Where does the paywall go?
After seeing Steve Yelvington’s paywall infographic this week I was struck by two things.
1) I recognized the pattern
2) it seemed to underestimate (graphically speaking) the effect of loyal visitors we see on our own site.
Take a look:
Click on that graphic to see a slightly larger version. Basically, we see about 50% of our traffic come from the 3% of our readership representing our two most loyal cohorts: ‘daily’ and ‘loyal’ visitors. Those readers come to the site at least 5 times per week. There are not many of them, but they are persistent.
So, that upside-down and lopsided Bell Curve causes a few problems. If you wanted (hypothetically) to put up a paywall – where do you put it?
The readers on the far left are not highly engaged with your site, many are one-time visitors even if they are local. But, there are a lot of them!

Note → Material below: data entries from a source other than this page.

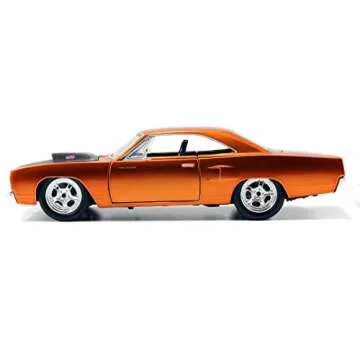Fast & Furious Plymouth Road Runner 1:24 Diecast Model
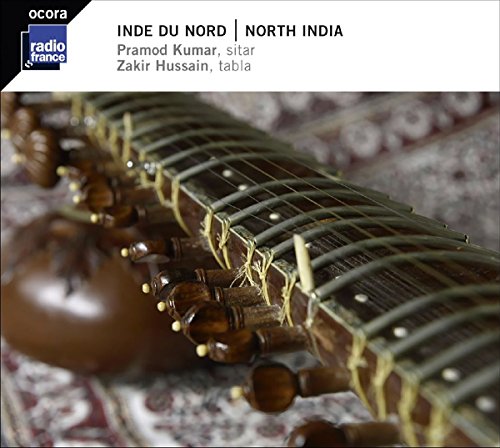 PRAMOD KUMAR & ZAKIR - INDE DU NORD - PRAMOD KUMAR & - CD image 1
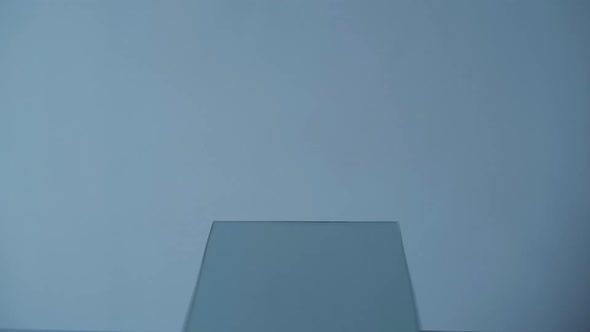 Attention Hand Announce Finger Pointing Cursor Gif alt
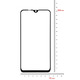 Защитное стекло BeCover для Samsung Galaxy M20 SM-M205 Black (703297)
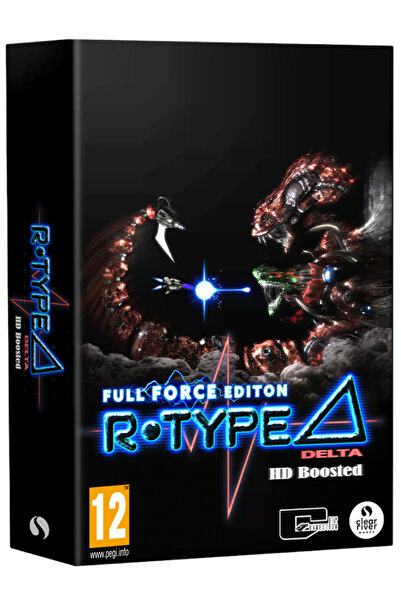 CITY CONNECTION R-Type Delta HD Boosted Full Force Edition - Playstation 5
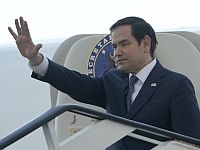 Госсекретарь США на следующей неделе посетит Израиль и другие страны Ближнего Востока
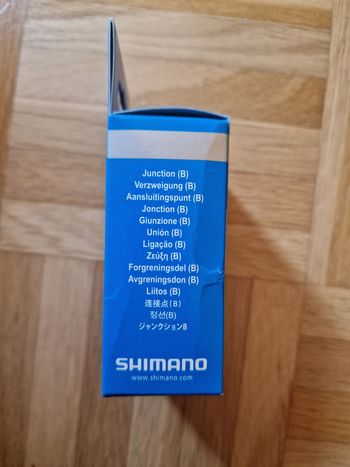 Brugt Shimano SM-JC41 2024 bike — billede 3 af 3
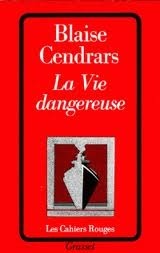 LaVie Dangereuse book cover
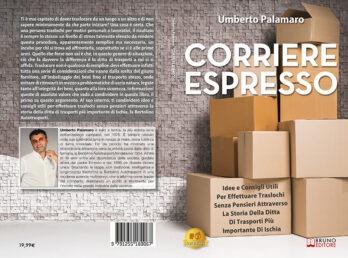 Umberto Palamaro lancia il Bestseller “Il Corriere Espresso”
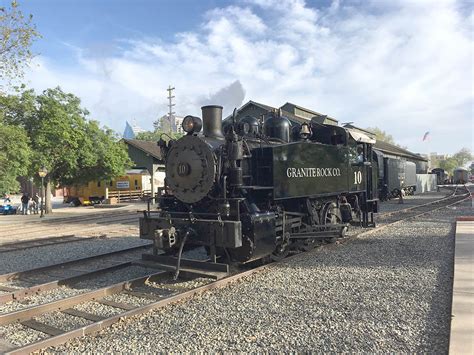 Inside the California State Railroad Museum – HeritageRail Alliance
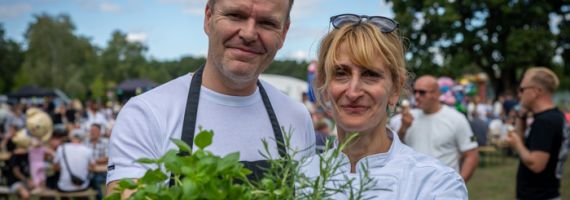 Athina und Alexander Köhler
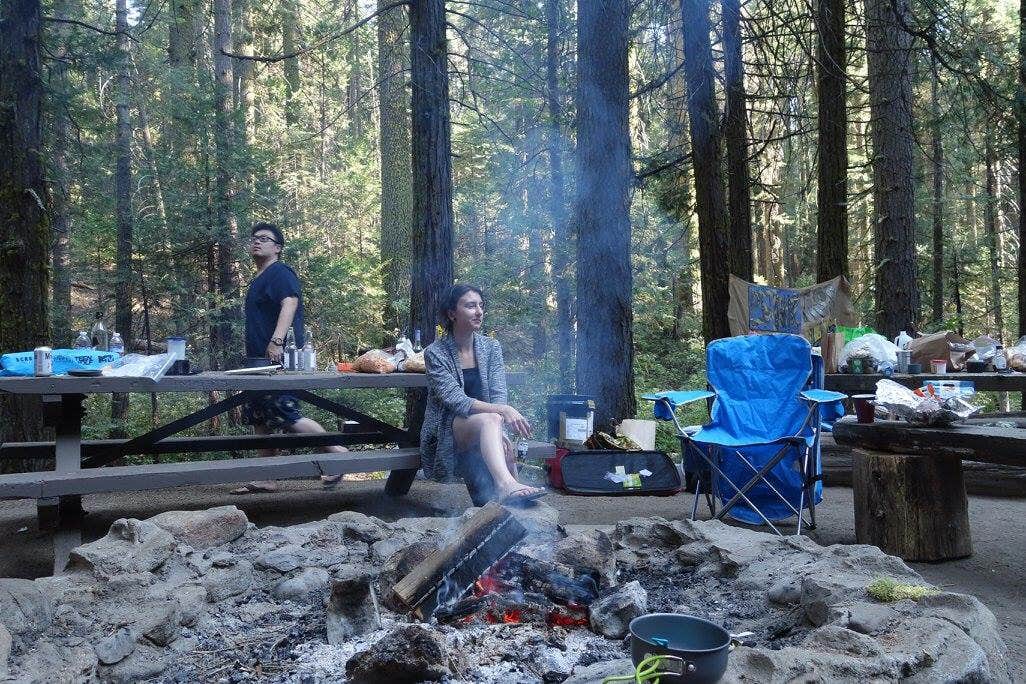 Kuo G.'s photo at Texas Flats near Wawona, CA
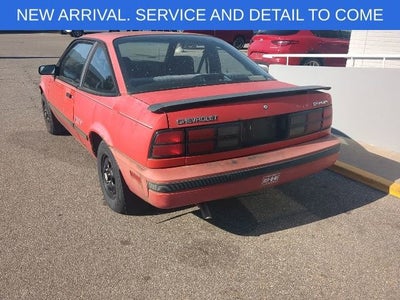 1990 Chevrolet Cavalier Base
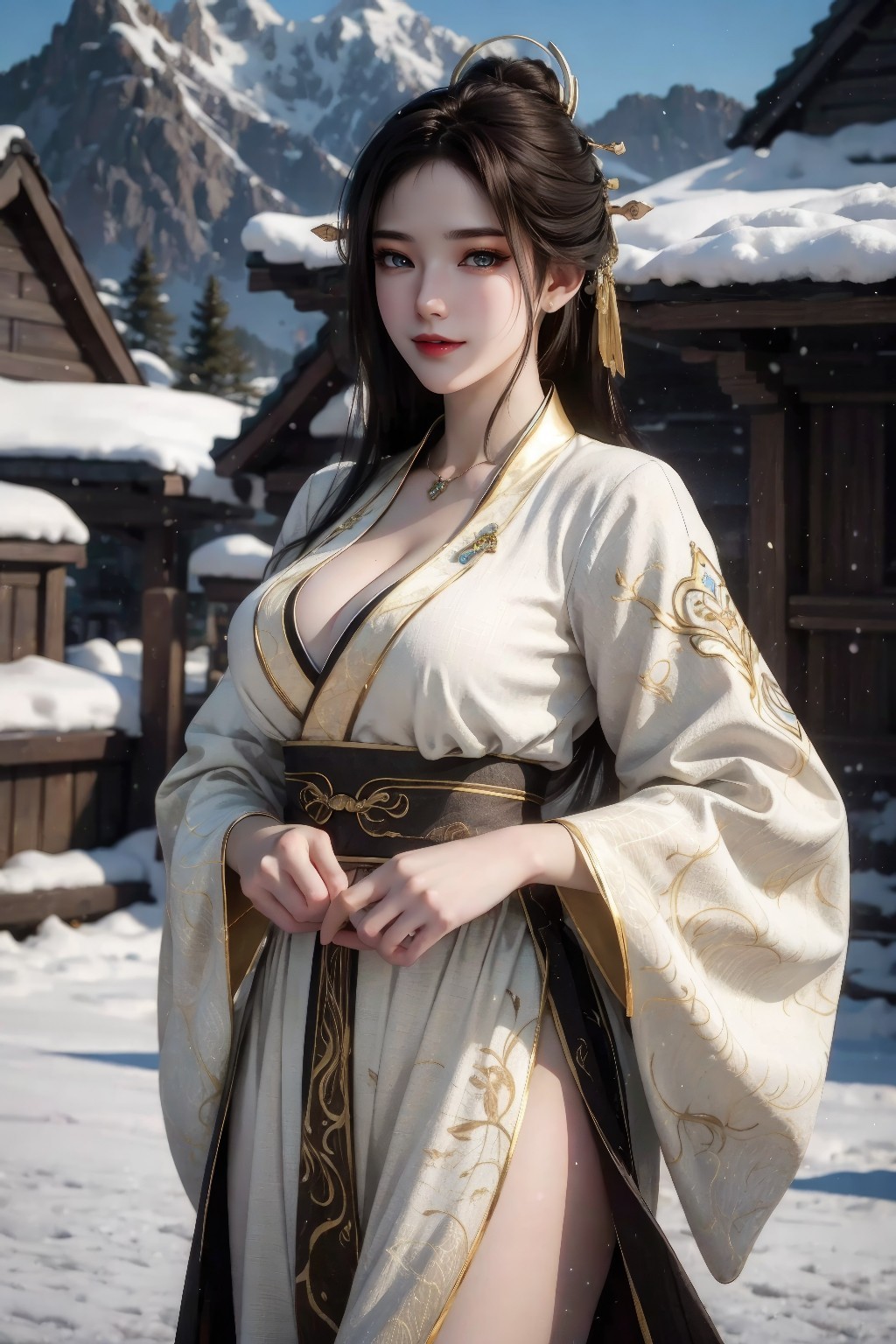 Yao Xi - Shading Heaven (Yao Xi - Shading Heaven)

The readers on the far right are highly engaged, mostly local but they are probably too few to build a subscription model with.
That leaves the happy medium – the occasional and weekly visitors who visit often enough, and generate enough traffic to be valuable both for CPM and potential premium offerings. But of course how would you target them with any premium model without risking either raw uniques of the fly-bys or the massive page view generation of the loyals?
No seriously, how would you? And that probably explains why we are hearing a lot of talk about paywalls this year, but aside from some unique instances – not much action so far.